Hasil penelitian mereka selama empat tahun dan lima bulan itu akhirnya terbit pada 1957 dan dimuat British Medical Journal dengan judul “Lung cancer and other causes of death in relation to smoking; a second report on the mortality of British doctors”. Dari total 1.714 kematian yang tercatat, 84 di antaranya disebabkan kanker paru sebagai faktor utama dan dialami oleh lebih dari 90% perokok –di mana kategori perokok berat (di atas 25 gr tembakau sehari) memiliki tingkat mortalitas tertinggi. Penyebab kematian lainnya termasuk jenis kanker lain dan penyakit jantung.
Penelitian Doll dan Hill berjalan bersamaan dengan sejumlah penelitian lainnya, termasuk di Amerika. Evarts Graham yang terkenal dengan komentar “stocking nilon”, bersama ilmuwan Ernest Wynder, akhirnya bersedia berkolaborasi meneliti sejarah penderita kanker paru-paru yang disebabkan kebiasaan merokok dalam jangka waktu lama. Hasil penelitian mereka, terbit pada 1950 dengan judul “Tobacco Smoking as a Possible Etiologic Factor in Bronchiogenic Carcinoma“ dalam publikasi American Medical Association, menunjukkan dari 605 penderita kanker paru-paru, sebanyak 96,5% adalah perokok sigaret.
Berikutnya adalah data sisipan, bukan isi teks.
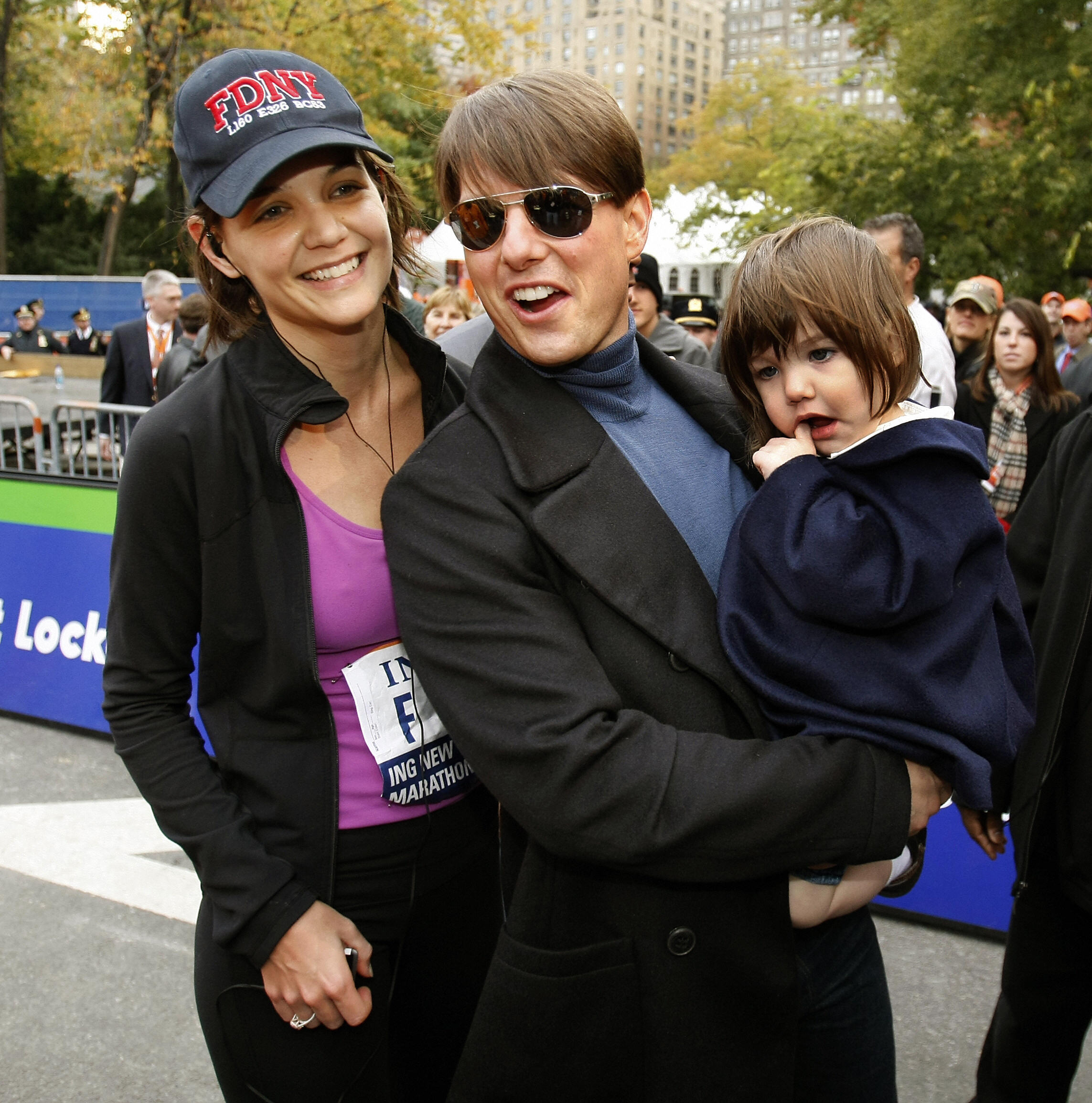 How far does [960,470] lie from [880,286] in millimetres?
337

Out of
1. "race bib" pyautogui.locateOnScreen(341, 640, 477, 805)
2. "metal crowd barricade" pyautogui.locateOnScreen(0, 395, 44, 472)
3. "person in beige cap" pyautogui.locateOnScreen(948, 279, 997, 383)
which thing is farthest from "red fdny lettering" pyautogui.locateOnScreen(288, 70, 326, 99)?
"person in beige cap" pyautogui.locateOnScreen(948, 279, 997, 383)

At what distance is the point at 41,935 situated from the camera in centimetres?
360

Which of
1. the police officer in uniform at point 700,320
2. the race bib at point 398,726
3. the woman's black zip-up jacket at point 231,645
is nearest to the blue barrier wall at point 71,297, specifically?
the police officer in uniform at point 700,320

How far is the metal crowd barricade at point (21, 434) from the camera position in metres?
6.93

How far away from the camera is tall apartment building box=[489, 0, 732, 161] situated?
497 feet

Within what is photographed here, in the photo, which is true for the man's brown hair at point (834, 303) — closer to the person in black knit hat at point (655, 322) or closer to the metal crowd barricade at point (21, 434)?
the person in black knit hat at point (655, 322)

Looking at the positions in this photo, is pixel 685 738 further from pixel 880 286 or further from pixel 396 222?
pixel 396 222

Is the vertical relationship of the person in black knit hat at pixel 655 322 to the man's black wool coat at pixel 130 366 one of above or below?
above

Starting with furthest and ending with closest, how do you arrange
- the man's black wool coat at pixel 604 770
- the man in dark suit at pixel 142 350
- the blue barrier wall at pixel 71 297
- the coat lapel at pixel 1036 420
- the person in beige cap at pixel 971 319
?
the blue barrier wall at pixel 71 297 → the man in dark suit at pixel 142 350 → the person in beige cap at pixel 971 319 → the coat lapel at pixel 1036 420 → the man's black wool coat at pixel 604 770

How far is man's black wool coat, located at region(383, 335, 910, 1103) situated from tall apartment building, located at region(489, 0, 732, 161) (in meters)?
151

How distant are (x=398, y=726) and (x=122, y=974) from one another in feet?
7.10

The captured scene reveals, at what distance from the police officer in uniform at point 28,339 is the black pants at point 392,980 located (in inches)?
823

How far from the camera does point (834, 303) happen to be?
165cm

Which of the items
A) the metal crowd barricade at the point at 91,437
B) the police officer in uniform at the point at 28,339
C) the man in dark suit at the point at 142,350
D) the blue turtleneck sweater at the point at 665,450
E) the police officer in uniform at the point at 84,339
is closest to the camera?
the blue turtleneck sweater at the point at 665,450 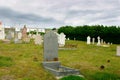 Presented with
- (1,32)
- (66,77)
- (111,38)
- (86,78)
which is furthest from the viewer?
(111,38)

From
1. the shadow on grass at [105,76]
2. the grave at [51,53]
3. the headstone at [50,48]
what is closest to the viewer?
the shadow on grass at [105,76]

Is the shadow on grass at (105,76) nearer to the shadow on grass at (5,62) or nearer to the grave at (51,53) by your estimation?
the grave at (51,53)

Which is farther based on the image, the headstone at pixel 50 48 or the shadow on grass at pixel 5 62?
the headstone at pixel 50 48

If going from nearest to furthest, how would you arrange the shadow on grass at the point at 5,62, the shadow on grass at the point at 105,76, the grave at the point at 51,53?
the shadow on grass at the point at 105,76 → the shadow on grass at the point at 5,62 → the grave at the point at 51,53

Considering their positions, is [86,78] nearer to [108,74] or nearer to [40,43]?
[108,74]

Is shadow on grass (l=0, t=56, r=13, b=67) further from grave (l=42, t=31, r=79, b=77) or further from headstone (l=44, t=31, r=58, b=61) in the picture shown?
headstone (l=44, t=31, r=58, b=61)

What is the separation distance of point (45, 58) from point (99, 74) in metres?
3.95

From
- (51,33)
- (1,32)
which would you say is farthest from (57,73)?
(1,32)


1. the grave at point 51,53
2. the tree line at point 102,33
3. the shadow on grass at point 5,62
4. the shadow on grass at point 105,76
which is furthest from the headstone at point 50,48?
the tree line at point 102,33

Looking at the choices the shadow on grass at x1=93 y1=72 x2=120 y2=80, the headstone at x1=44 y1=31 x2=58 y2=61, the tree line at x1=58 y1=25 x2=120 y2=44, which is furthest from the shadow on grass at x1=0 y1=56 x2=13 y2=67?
the tree line at x1=58 y1=25 x2=120 y2=44

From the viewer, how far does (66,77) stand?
14.1 metres

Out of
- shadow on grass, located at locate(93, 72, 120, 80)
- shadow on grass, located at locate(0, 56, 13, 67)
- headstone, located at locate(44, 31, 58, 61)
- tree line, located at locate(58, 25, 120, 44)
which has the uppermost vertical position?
tree line, located at locate(58, 25, 120, 44)

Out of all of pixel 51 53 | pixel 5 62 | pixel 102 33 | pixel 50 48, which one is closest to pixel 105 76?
pixel 51 53

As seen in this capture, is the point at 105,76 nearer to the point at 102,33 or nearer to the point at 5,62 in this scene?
the point at 5,62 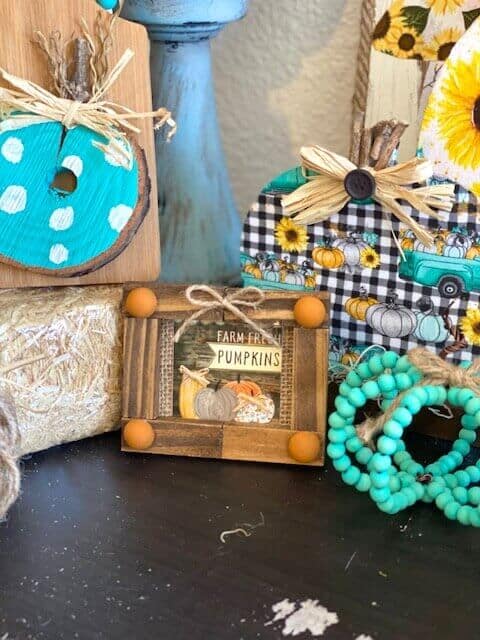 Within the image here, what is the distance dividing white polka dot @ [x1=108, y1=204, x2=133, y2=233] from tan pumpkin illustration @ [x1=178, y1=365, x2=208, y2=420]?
0.43ft

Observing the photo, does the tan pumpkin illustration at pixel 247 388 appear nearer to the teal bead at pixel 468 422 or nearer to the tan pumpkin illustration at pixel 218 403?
the tan pumpkin illustration at pixel 218 403

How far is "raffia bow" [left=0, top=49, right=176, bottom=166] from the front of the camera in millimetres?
687

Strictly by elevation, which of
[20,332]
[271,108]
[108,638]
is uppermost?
[271,108]

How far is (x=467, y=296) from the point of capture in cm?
72

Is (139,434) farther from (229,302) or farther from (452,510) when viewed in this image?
(452,510)

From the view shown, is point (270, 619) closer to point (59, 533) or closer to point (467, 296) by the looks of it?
point (59, 533)

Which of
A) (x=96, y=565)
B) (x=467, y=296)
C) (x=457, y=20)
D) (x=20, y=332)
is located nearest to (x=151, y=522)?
(x=96, y=565)

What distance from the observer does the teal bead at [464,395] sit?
1.99 ft

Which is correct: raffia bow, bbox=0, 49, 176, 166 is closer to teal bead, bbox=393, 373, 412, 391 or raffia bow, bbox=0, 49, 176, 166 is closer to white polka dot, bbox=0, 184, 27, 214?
white polka dot, bbox=0, 184, 27, 214

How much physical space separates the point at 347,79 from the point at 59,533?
2.09 ft

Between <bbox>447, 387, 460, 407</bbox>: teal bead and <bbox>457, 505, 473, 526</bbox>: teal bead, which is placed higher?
<bbox>447, 387, 460, 407</bbox>: teal bead

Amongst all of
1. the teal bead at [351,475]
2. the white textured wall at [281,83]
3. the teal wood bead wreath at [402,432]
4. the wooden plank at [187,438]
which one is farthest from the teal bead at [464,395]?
the white textured wall at [281,83]

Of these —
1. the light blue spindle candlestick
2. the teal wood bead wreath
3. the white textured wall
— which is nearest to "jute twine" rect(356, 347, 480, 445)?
the teal wood bead wreath

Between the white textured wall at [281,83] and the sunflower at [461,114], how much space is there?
28 cm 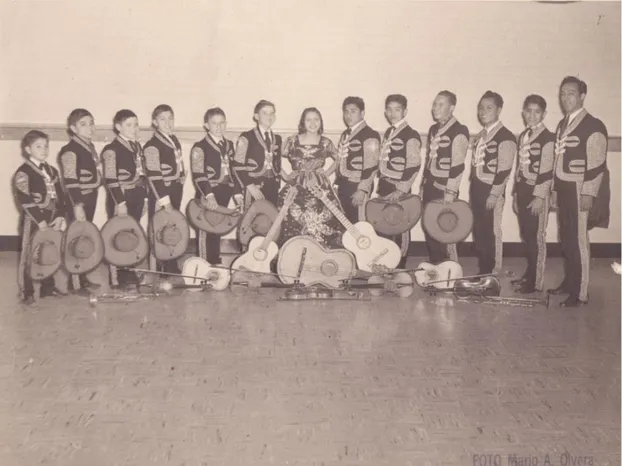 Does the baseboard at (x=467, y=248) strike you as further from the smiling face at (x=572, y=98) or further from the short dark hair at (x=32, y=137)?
the smiling face at (x=572, y=98)

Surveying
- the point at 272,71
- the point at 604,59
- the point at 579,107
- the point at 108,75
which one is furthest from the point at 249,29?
the point at 604,59

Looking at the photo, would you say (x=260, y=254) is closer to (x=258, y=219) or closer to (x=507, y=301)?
(x=258, y=219)

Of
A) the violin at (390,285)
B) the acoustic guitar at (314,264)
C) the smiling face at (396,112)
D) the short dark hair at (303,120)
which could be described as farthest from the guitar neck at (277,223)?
the smiling face at (396,112)

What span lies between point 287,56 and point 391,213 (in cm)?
137

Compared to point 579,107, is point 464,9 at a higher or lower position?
higher

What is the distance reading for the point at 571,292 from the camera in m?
4.88

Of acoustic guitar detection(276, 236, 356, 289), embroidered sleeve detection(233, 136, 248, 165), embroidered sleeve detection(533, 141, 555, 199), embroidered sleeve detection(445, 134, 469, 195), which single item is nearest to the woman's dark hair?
embroidered sleeve detection(233, 136, 248, 165)

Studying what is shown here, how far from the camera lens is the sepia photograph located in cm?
438

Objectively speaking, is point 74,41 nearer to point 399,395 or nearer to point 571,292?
point 399,395

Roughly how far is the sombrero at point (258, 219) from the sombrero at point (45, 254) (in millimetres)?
1226

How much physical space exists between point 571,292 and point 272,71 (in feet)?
8.59

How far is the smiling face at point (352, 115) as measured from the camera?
506 cm

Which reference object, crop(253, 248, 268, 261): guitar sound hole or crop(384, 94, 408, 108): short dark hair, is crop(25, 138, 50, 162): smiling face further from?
crop(384, 94, 408, 108): short dark hair

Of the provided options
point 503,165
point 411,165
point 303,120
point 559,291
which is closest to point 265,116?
point 303,120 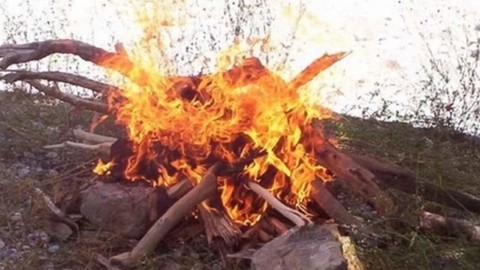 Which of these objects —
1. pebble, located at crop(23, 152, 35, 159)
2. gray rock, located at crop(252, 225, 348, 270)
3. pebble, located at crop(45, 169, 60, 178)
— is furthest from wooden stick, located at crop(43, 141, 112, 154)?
gray rock, located at crop(252, 225, 348, 270)

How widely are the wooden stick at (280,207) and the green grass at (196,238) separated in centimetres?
28

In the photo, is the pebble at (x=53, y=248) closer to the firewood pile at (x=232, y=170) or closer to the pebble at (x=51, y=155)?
the firewood pile at (x=232, y=170)

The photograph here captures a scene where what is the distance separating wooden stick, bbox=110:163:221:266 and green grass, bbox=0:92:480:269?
A: 7cm

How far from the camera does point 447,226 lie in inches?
147

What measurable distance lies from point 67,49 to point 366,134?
2095 millimetres

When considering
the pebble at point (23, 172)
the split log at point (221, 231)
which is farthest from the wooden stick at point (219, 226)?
the pebble at point (23, 172)

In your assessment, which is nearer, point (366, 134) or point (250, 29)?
point (366, 134)

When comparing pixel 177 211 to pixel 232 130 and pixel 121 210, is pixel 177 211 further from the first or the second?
pixel 232 130

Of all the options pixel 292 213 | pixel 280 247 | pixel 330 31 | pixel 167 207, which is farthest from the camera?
pixel 330 31

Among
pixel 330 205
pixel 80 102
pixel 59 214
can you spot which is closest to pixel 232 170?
pixel 330 205

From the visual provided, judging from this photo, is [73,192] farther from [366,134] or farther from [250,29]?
[250,29]

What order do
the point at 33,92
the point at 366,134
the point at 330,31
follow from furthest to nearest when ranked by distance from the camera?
1. the point at 330,31
2. the point at 33,92
3. the point at 366,134

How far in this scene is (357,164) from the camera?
152 inches

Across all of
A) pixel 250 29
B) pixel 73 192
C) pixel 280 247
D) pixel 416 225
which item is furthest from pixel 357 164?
pixel 250 29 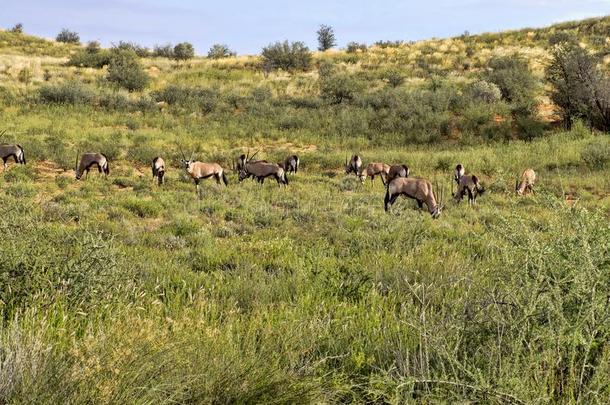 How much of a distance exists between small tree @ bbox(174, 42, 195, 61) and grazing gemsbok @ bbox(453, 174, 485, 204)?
42403 millimetres

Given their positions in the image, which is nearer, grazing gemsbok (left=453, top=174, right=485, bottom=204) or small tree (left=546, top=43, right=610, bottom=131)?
grazing gemsbok (left=453, top=174, right=485, bottom=204)

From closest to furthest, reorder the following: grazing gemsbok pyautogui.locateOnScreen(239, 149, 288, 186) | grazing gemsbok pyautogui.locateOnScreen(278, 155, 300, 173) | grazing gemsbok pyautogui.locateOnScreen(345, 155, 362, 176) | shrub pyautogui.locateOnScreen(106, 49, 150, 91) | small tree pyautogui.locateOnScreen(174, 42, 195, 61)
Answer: grazing gemsbok pyautogui.locateOnScreen(239, 149, 288, 186) < grazing gemsbok pyautogui.locateOnScreen(345, 155, 362, 176) < grazing gemsbok pyautogui.locateOnScreen(278, 155, 300, 173) < shrub pyautogui.locateOnScreen(106, 49, 150, 91) < small tree pyautogui.locateOnScreen(174, 42, 195, 61)

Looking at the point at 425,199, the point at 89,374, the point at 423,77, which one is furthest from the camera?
the point at 423,77

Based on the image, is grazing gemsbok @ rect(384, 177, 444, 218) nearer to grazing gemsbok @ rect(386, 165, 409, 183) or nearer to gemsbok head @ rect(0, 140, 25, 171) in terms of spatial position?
grazing gemsbok @ rect(386, 165, 409, 183)

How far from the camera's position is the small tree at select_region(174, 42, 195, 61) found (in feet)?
169

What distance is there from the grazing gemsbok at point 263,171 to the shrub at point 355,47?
37.3 m

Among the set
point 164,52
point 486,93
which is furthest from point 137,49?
point 486,93

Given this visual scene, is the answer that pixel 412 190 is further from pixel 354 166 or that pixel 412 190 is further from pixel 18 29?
pixel 18 29

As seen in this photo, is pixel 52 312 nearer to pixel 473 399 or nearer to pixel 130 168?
pixel 473 399

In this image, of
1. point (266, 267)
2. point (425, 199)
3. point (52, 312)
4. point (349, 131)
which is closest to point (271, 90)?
point (349, 131)

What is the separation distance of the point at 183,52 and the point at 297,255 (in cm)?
4893

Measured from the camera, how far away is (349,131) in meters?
26.7

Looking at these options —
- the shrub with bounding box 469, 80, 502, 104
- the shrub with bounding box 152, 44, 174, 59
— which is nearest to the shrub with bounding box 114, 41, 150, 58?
the shrub with bounding box 152, 44, 174, 59

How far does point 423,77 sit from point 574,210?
38544mm
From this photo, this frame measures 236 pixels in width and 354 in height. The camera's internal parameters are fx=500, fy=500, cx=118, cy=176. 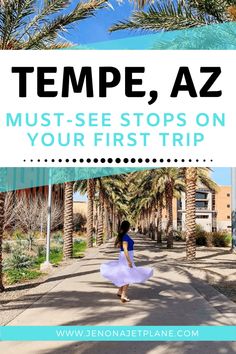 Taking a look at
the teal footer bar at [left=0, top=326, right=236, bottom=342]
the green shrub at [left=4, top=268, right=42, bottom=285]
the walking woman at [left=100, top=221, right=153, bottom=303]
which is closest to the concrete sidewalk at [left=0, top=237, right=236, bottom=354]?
the teal footer bar at [left=0, top=326, right=236, bottom=342]

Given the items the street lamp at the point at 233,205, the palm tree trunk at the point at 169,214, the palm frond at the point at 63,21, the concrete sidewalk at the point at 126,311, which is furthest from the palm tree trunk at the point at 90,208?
the palm frond at the point at 63,21

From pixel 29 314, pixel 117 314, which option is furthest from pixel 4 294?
pixel 117 314

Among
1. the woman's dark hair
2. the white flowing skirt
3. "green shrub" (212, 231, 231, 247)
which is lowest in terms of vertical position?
"green shrub" (212, 231, 231, 247)

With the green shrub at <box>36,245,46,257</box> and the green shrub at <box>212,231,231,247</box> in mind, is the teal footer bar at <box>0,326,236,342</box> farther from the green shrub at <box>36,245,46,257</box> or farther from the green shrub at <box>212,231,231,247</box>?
the green shrub at <box>212,231,231,247</box>

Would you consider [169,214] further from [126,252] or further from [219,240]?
[126,252]

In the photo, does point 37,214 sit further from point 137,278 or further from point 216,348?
point 216,348

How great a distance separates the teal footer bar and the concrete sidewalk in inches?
3.6

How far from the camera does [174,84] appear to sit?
5242mm

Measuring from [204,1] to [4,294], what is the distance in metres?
7.99

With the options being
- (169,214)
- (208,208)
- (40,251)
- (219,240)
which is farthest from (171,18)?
(208,208)

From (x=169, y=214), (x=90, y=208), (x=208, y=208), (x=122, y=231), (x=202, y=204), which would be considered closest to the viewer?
(x=122, y=231)

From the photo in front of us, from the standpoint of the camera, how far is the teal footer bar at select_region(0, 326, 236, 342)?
5.83m

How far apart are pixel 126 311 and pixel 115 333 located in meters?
1.95

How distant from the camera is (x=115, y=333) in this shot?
600 cm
Sayangnya, Evarts Graham pun kemudian terdiagnosis kanker paru-paru tujuh tahun setelah publikasinya. Graham, yang beberapa tahun sebelumnya baru berhenti merokok, awalnya menderita keluhan serupa flu. Setelah berminggu-minggu tak kunjung sembuh, dia memutuskan melakukan pemeriksaan x-ray dan menemukan tanda-tanda kanker paru-paru.
“Saya sangat gelisah untuk mengabarkan penyakit ini kepadamu, mengingat persahabatan serta kerjasama yang baik dan menyenangkan yang kita lakukan untuk mengalahkan musuh ini, yang kini berhasil menaklukkan saya,” tulis Graham dalam surat kepada Wynder, 6 Februari 1957. Kondisi Graham terus menurun hingga meninggal dunia pada 4 Maret 1957.
Pro dan kontra tembakau terus berlanjut. Bergulirnya penelitian baru serta peraturan-peraturan pemerintah di Eropa dan Amerika yang membatasi ruang lingkup perokok, batasan usia, serta pencantuman bahaya merokok terhadap kesehatan diikuti dengan berbagai studi dan lobi untuk mendebatnya. Merokok telah menjadi bagian dari budaya manusia dan akan selalu menjadi sebuah pilihan untuk menikmati atau menghentikannya.